Las grandes capitales colombianas concentran los mayores cordones de informalidad, desempleo juvenil y encarecimiento del costo de vida. En estos entornos urbanos, el discurso de Iván Cepeda centrado en una "revolución ética" y en la profundización de las reformas sociales del gobierno saliente de Gustavo Petro resonó de forma directa. Mientras que en el sector rural o en los municipios intermedios el arraigo a la propiedad y a la tradición es fuerte, en las periferias urbanas la urgencia gira en torno al acceso a servicios públicos, subsidios directos, educación superior gratuita y empleo formal. Cepeda logró posicionarse como el único garante de que estas agendas sociales no fueran desmontadas.

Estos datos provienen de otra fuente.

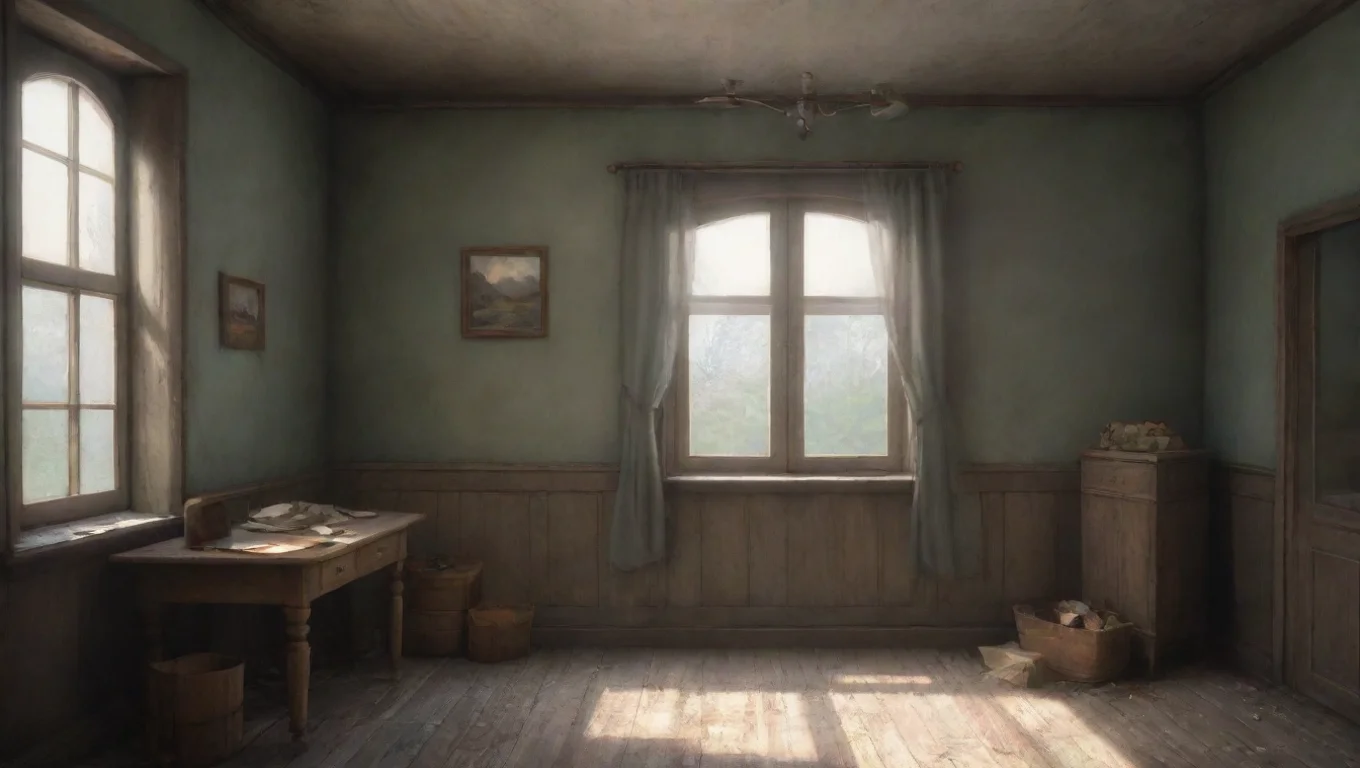 aiBackdrop background environment neutral colors artstation nostalgic Katerina Petrova Katerina Petrova Hello Im Katerina Petrova you can call me Katherine if you want to undefined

Así mismo, a diferencia de los sectores rurales, donde las dinámicas de votación suelen ser más individuales o mediadas por liderazgos locales tradicionales, las clases populares de las ciudades cuentan con un tejido organizativo densamente poblado. Cepeda, con una larga trayectoria en la defensa de derechos humanos y cercanía histórica con los movimientos sociales, logró activar con éxito: las redes sindicales y de trabajadores públicos, que operaron como multiplicadores del voto en los barrios populares, los colectivos juveniles y estudiantiles que no solo votaron de manera masiva, sino que lideraron la pedagogía electoral "puerta a puerta", contrarrestando la fuerte campaña digital de De la Espriella y los líderes de Juntas de Acción Comunal (JAC) que encontraron en el programa de Cepeda una continuidad de las inversiones comunitarias directas.

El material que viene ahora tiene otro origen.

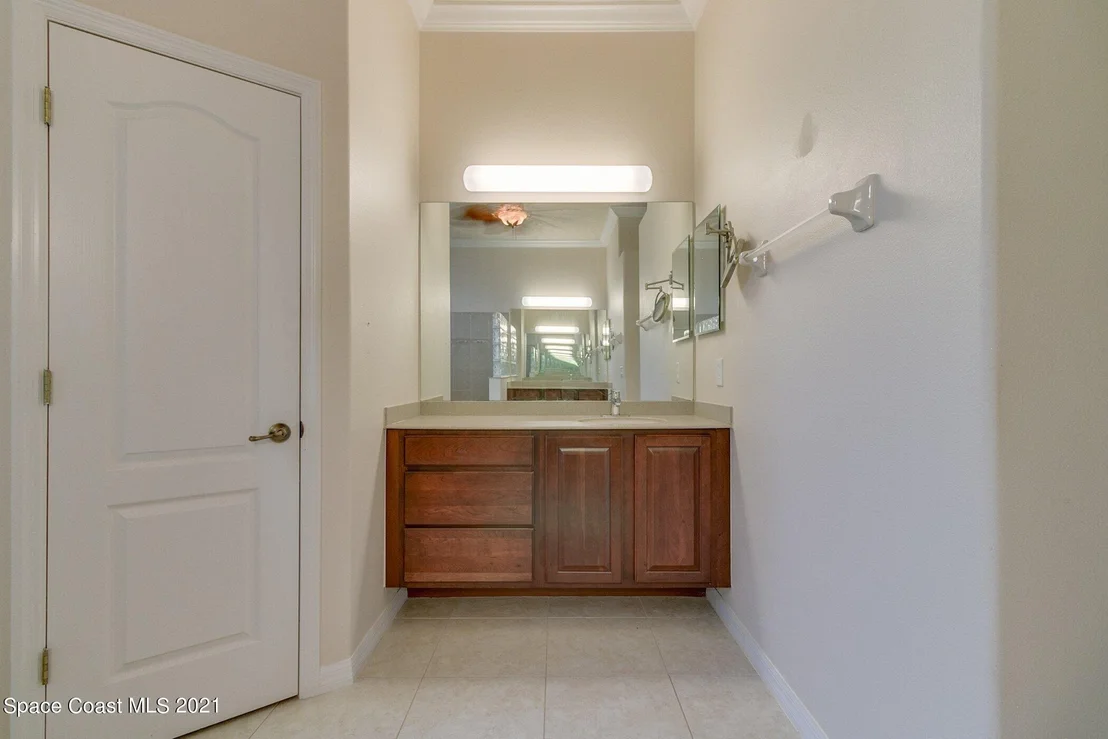 Photo of 2149 Windbrook Drive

Si bien el estilo de vida suntuoso y la narrativa de "empresario hecho a pulso" de De la Espriella funcionaron como un símbolo de aspiración y éxito para un sector de la población, en amplias capas de la clase popular urbana generaron el efecto contrario: rechazo y desconfianza. Para el votante urbano de estratos bajos, más expuesto al debate político diario y a los efectos de la polarización, la figura del abogado caribeño fue fácilmente asociada con las élites económicas tradicionales y con un modelo de exclusión. El discurso de Cepeda supo explotar ese contraste, presentándose como la antítesis de la opulencia y el "establecimiento" que De la Espriella, paradójicamente, decía combatir.

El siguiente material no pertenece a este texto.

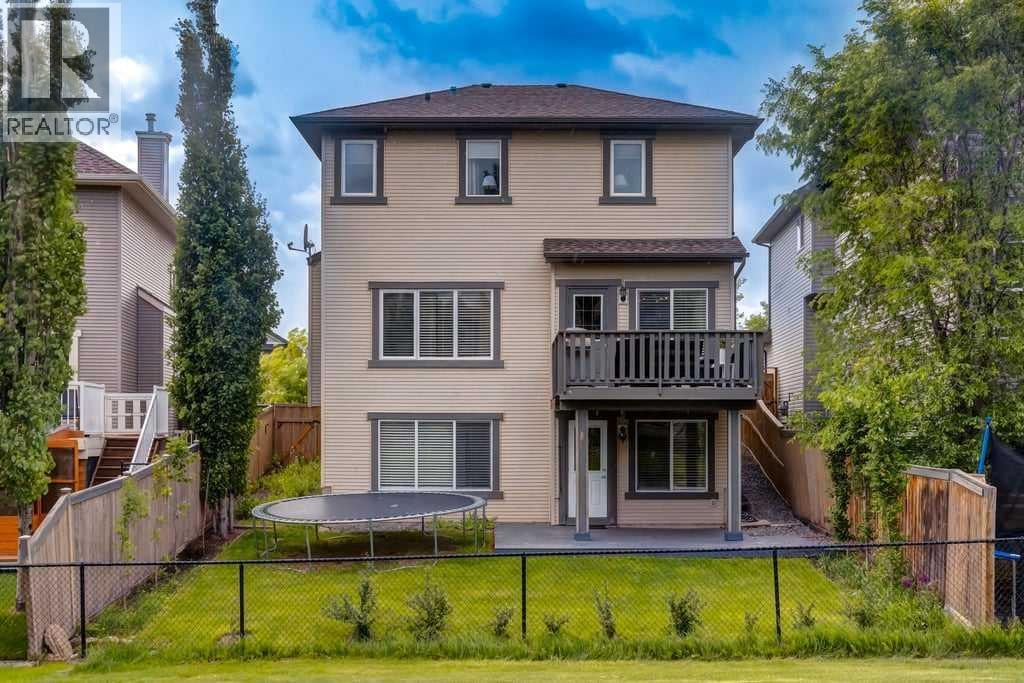 158 Westland Street — photo 38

En las ciudades, las políticas de seguridad de corte radical (como las propuestas de militarización o flexibilización del porte de armas defendidas por sectores de la derecha) generan profundas divisiones en los barrios populares. Aunque un sector exige orden, otro sector significativo —especialmente los jóvenes y los trabajadores informales— asocia la "mano dura" institucional con el abuso policial, la estigmatización y la persecución a la informalidad (como las ventas ambulantes o el mototaxismo). Cepeda ofreció una narrativa de seguridad basada en la justicia social y el desmantelamiento de las causas de la criminalidad, lo que le permitió capturar el voto de una masa urbana que temía los efectos de un enfoque exclusivamente punitivo.
Conclusión
El notable crecimiento de Iván Cepeda en las clases populares urbanas demuestra que la "Colombia popular" no es un bloque homogéneo. Mientras el interior andino y rural optó por el Orden, la Fe y el Libre Mercado tradicionales, la periferia de las grandes metrópolis se volcó hacia la promesa de equidad, derechos sociales y continuidad progresista. Esta profunda división urbana-rural dentro de las mismas clases trabajadoras es, sin duda, el mapa político más complejo que hereda el nuevo gobierno.